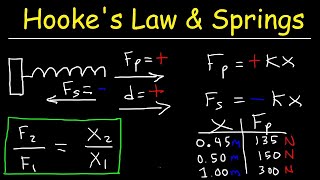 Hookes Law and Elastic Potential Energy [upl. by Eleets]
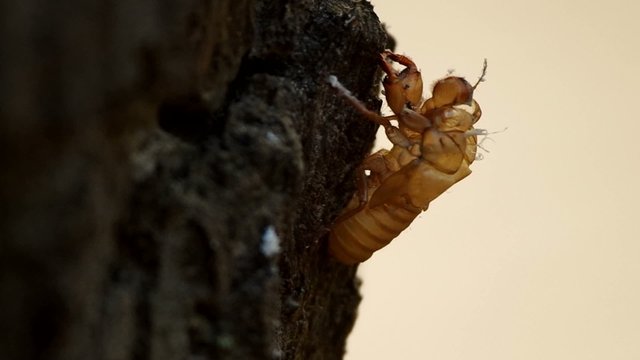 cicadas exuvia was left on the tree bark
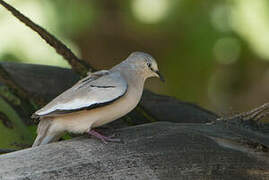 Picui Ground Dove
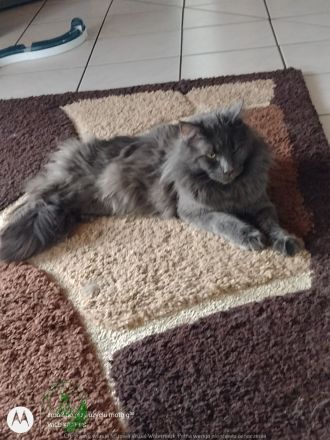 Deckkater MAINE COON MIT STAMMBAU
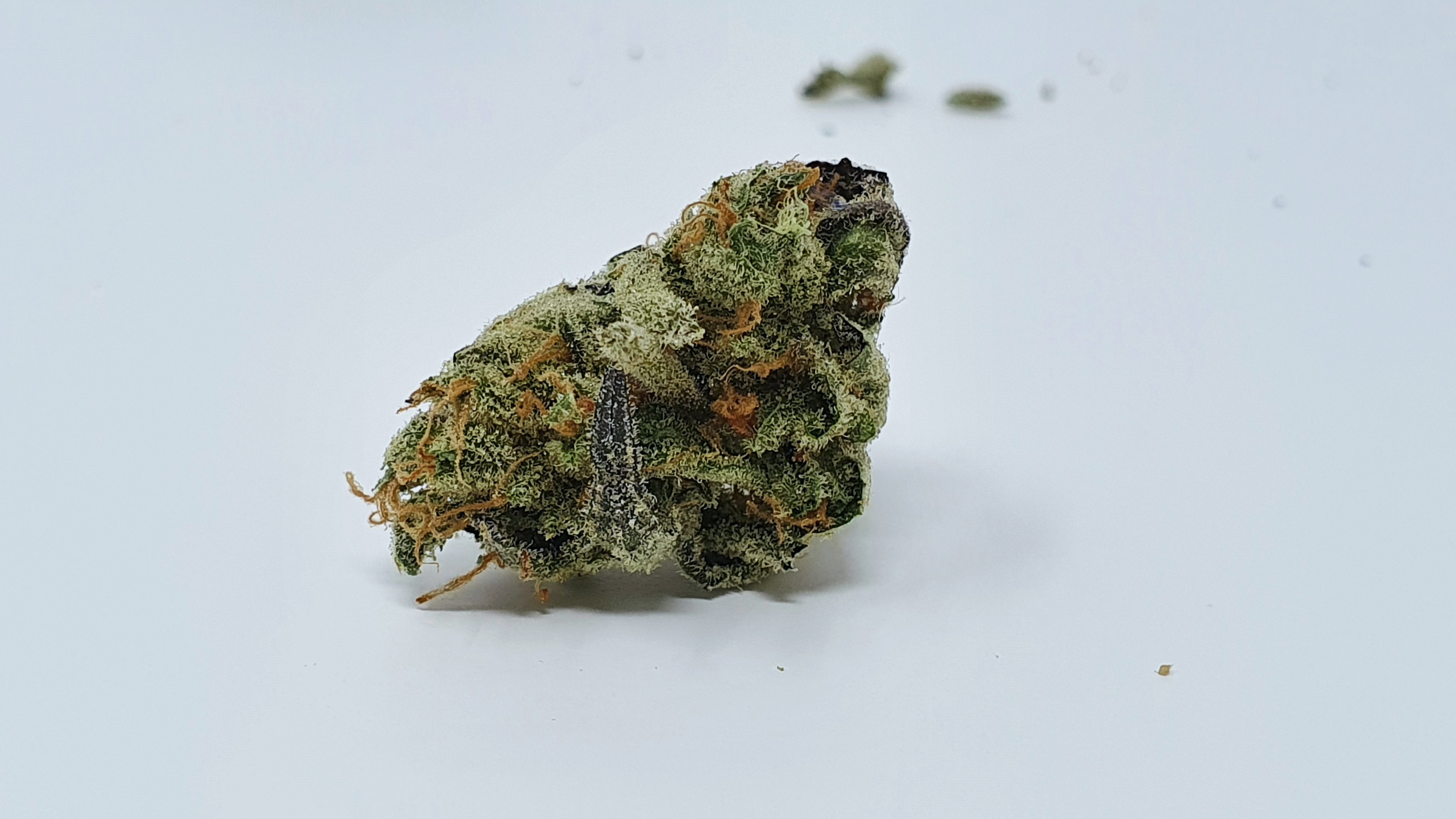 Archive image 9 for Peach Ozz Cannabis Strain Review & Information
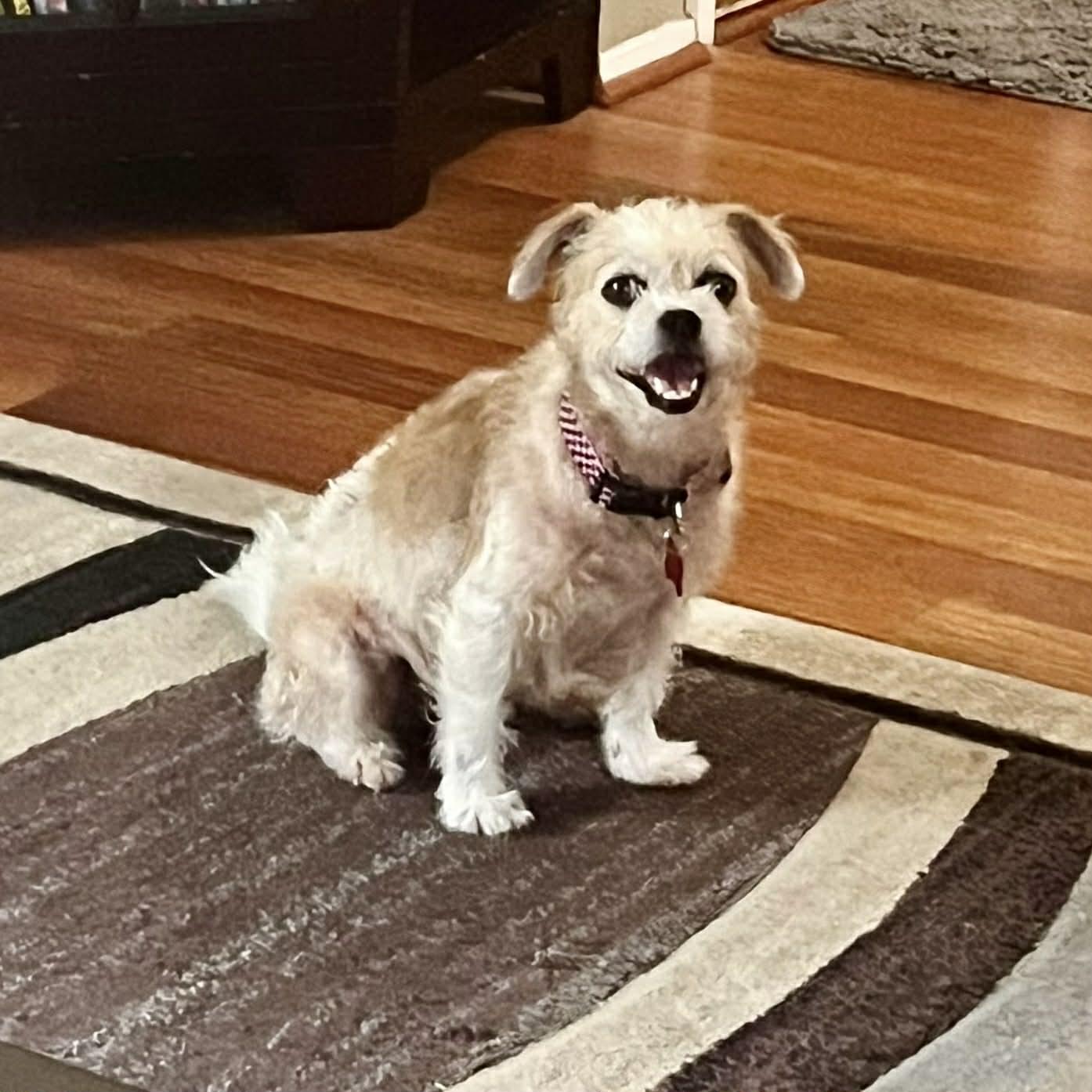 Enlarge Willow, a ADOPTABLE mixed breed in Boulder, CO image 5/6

---

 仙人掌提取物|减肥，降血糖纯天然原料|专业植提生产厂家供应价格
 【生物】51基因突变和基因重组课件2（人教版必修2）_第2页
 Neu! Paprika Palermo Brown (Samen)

...

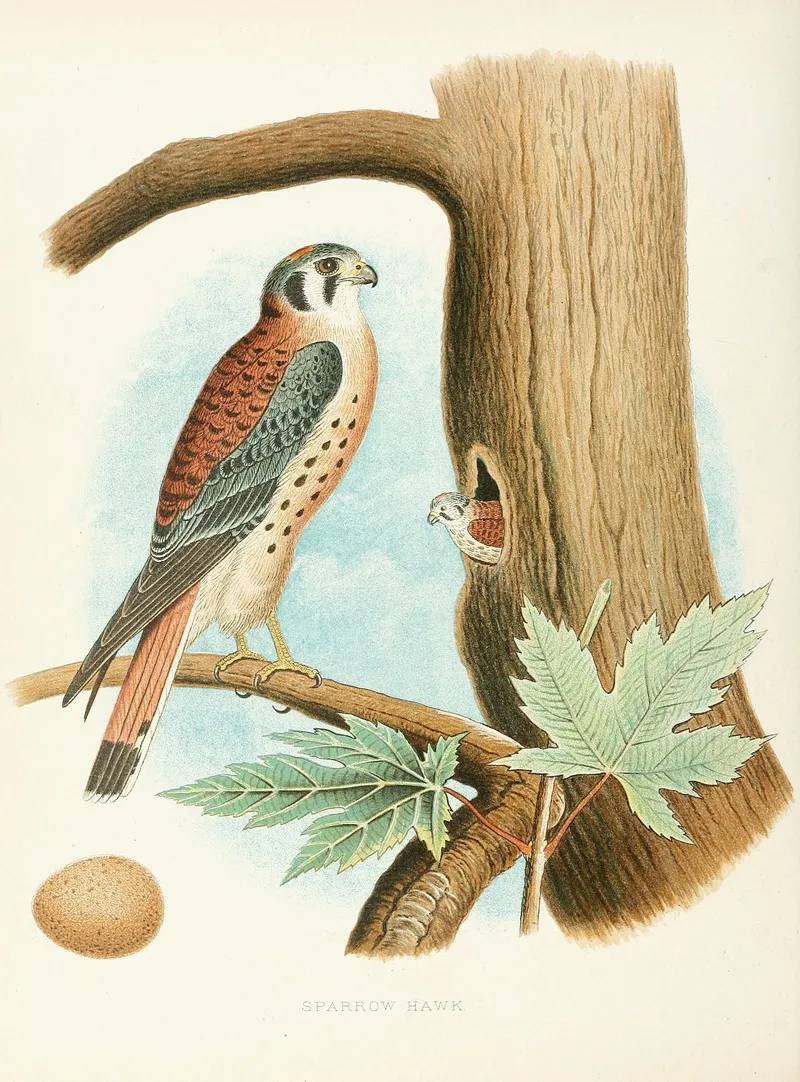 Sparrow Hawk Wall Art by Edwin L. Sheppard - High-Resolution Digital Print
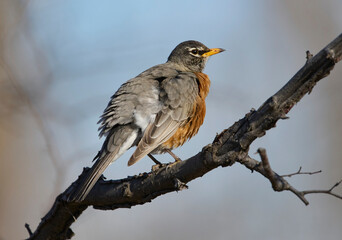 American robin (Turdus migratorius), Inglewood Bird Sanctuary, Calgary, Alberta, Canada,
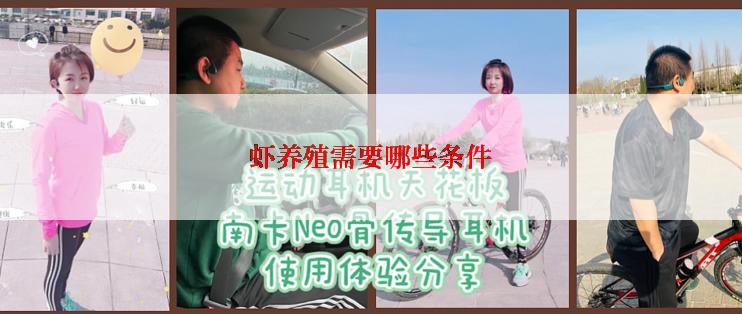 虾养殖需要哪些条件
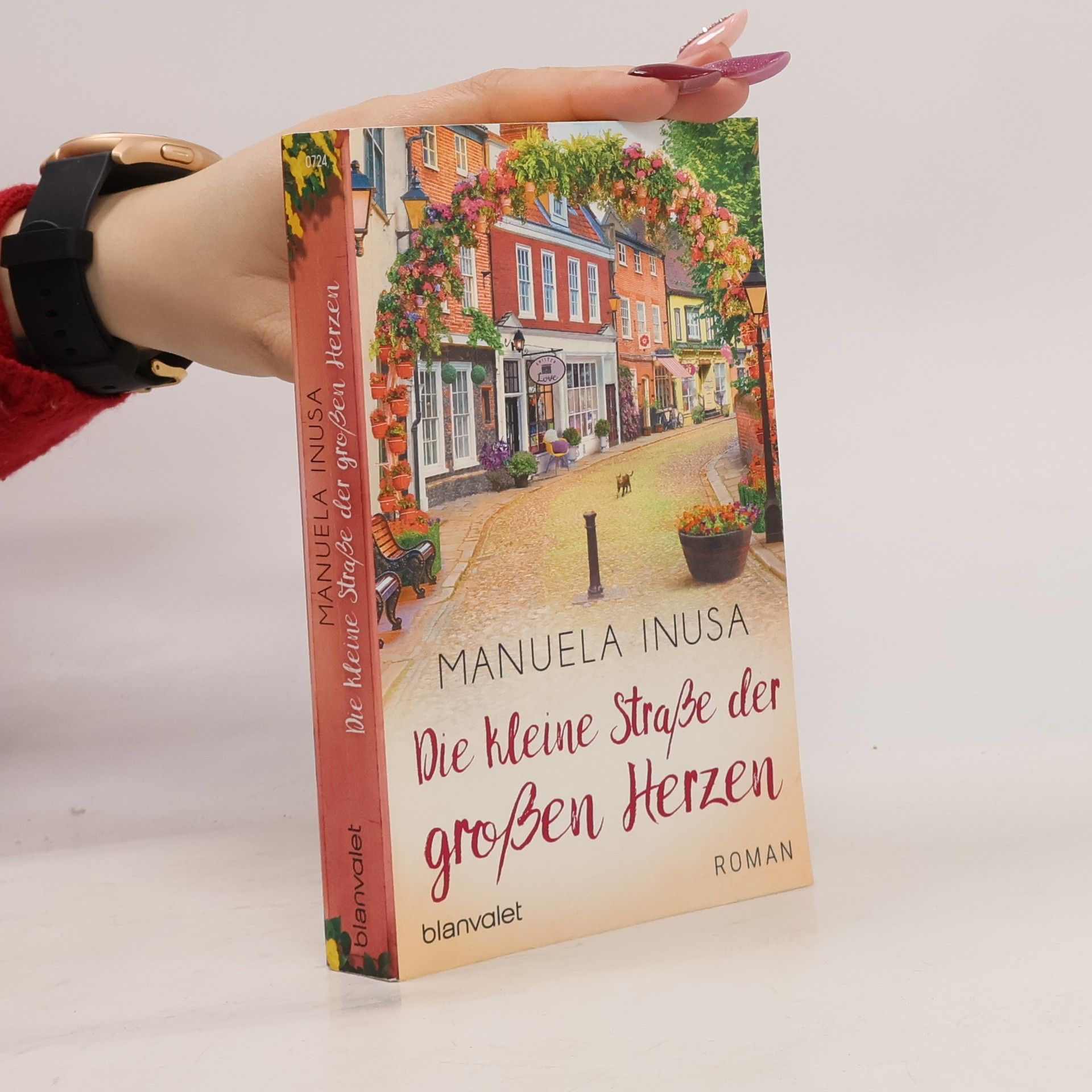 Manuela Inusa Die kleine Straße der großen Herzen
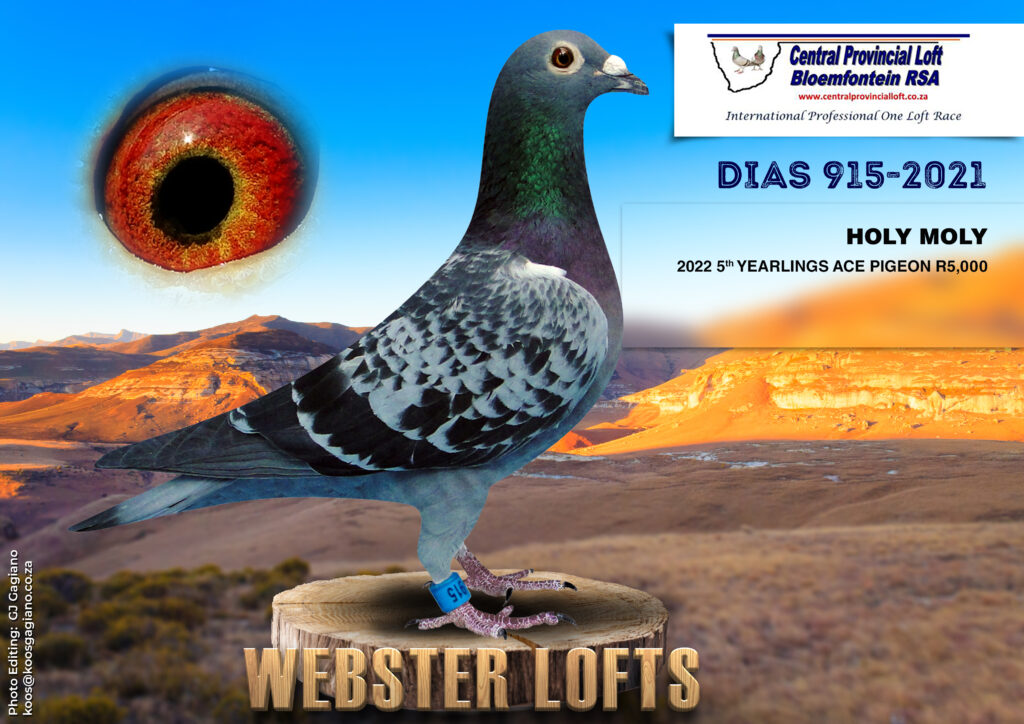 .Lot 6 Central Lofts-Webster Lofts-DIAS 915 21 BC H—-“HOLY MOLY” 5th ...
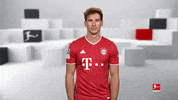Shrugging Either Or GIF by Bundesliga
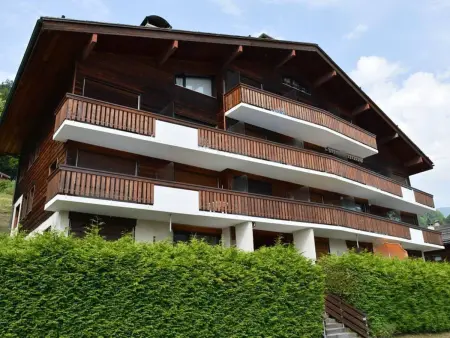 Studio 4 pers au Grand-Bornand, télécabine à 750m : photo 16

## DESCRIPTION OF THE TASK
Produce an exact reproduction of the listing above, limited to the lines starting at the line with "Deckkater MAINE COON MIT STAMMBAU" and ending at the line with "Enlarge Willow, a", both kept, with every picture left out.

## ANSWER FOR THE TASK
 Deckkater MAINE COON MIT STAMMBAU
 Archive image 9 for Peach Ozz Cannabis Strain Review & Information
 Enlarge Willow, a ADOPTABLE mixed breed in Boulder, CO image 5/6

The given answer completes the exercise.